BLUEBOT CISCO互換 USBシリアル変換ケーブル USC-01A

BLUEBOTが買えない場合の代替品

BLUEBOTは在庫が安定しないので、同じコンセプトの代替品も紹介しておきます。

ATENはKVMスイッチなどで有名な台湾のメーカーで、ネットワーク機器の周辺機器では業界大手。UC232BもBLUEBOTと同様にUSB-A側にシリアル変換チップを内蔵し、RJ45メスポートに手持ちのLANケーブル(ストレート)を差して使うタイプです。

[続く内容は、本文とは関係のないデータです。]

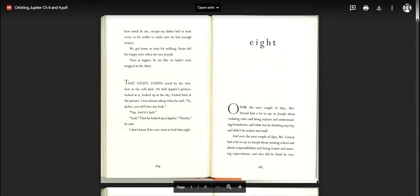This is Orbiting Jupiter by Gary Schmidt. Authors develop themes in many ways through conflicts and how they're resolved by the end of the story, through the relationships between characters and how they change over time, through the ways the characters change themselves and how they act, what they think, or what they might say.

BLUEBOTとの違いは、UC232BはATEN独自チップ搭載(UC232BFはFTDIチップ搭載)という点。FTDI版の方がドライバの自動認識率が高いので、こだわるならUC232BFがおすすめ。ただし、どちらもWindows 10/11ならプラグアンドプレイで使えて、TeraTermでのシリアル接続も問題ありません。

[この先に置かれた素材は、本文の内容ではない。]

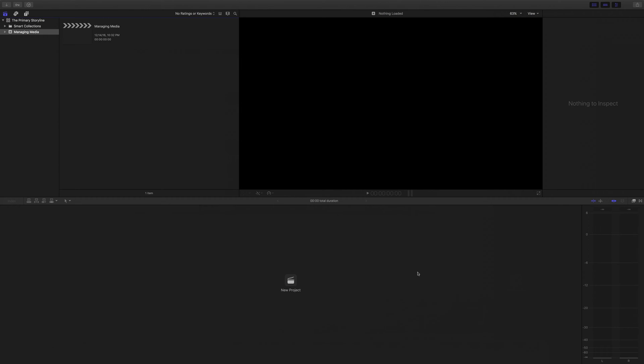Hello, and welcome to the Primary Storyline, a video series about post-production as it relates to Final Cut Pro X, Motion, and Compressor. My name is Andrew Gormley, and I will be your host.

ATENは大手メーカーなのでAmazonやヨドバシでも安定して購入できるのが強み。BLUEBOTが見つからないときはこちらを選べば間違いないです。


② ミヨシ MCO 巻き取り式LANケーブル 3m(Cat6A準拠)

上で紹介したBLUEBOT USC-01Aと組み合わせて使っているのが、ミヨシの巻き取り式LANケーブル。型番はZMUL-CA603/BK。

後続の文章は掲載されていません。